ASSIGNMENT -
Starting at the line holding "Smoot, WY 83126" and finishing at the line holding "AMA Calabria, una", transcribe the material exactly, keeping both ends but no pictures.

SUPPLIED DATA -
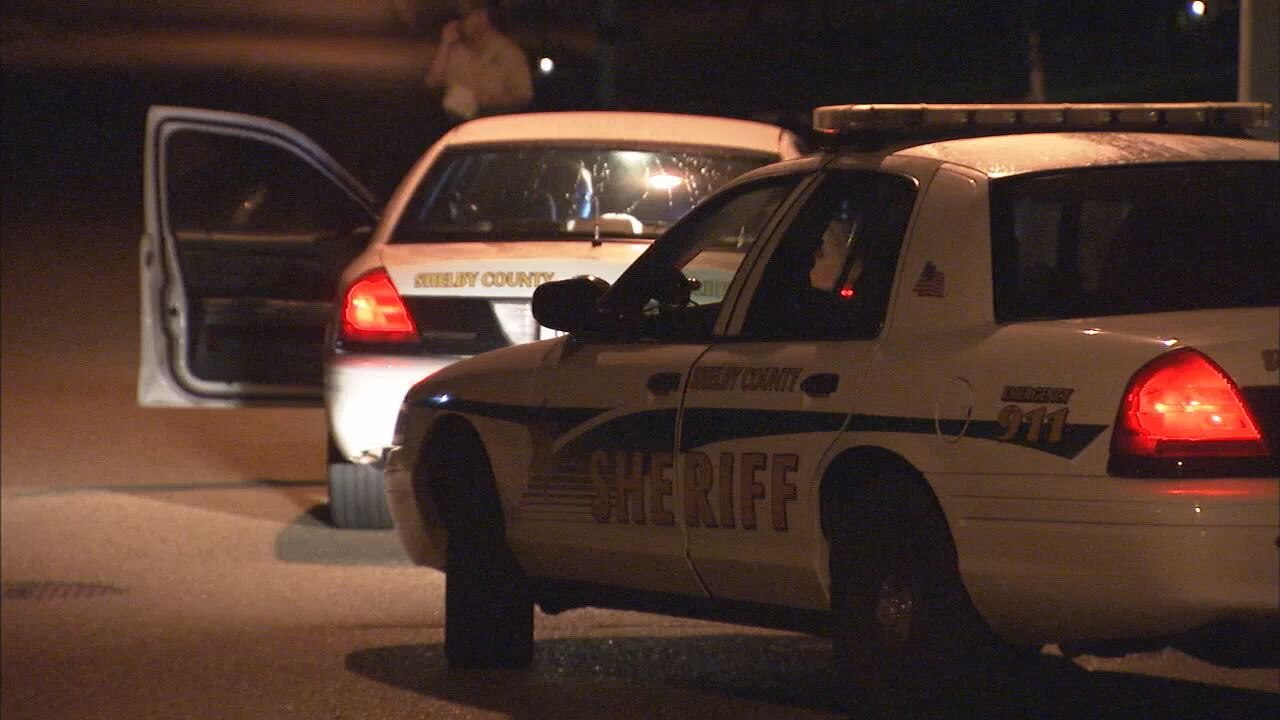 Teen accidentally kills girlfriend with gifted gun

...

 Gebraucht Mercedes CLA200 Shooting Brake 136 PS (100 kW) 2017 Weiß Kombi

==

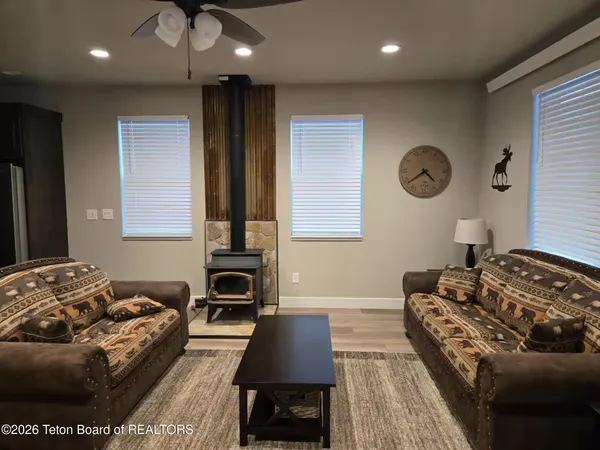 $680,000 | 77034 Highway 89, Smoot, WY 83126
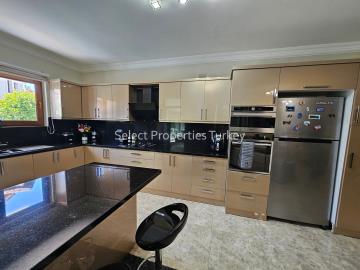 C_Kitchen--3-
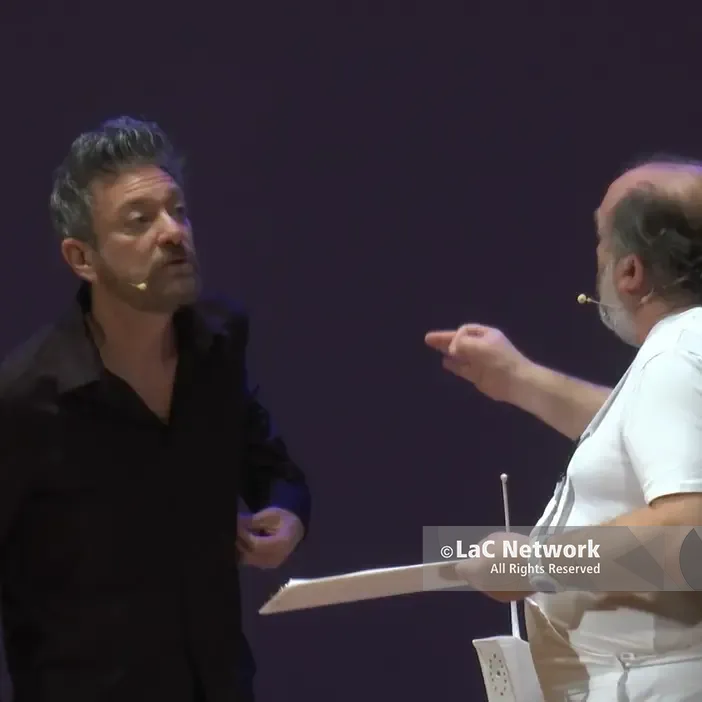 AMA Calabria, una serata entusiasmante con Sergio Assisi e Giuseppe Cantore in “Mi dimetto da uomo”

RESPONSE FOR THIS EXERCISE -
 $680,000 | 77034 Highway 89, Smoot, WY 83126
 C_Kitchen--3-
 AMA Calabria, una serata entusiasmante con Sergio Assisi e Giuseppe Cantore in “Mi dimetto da uomo”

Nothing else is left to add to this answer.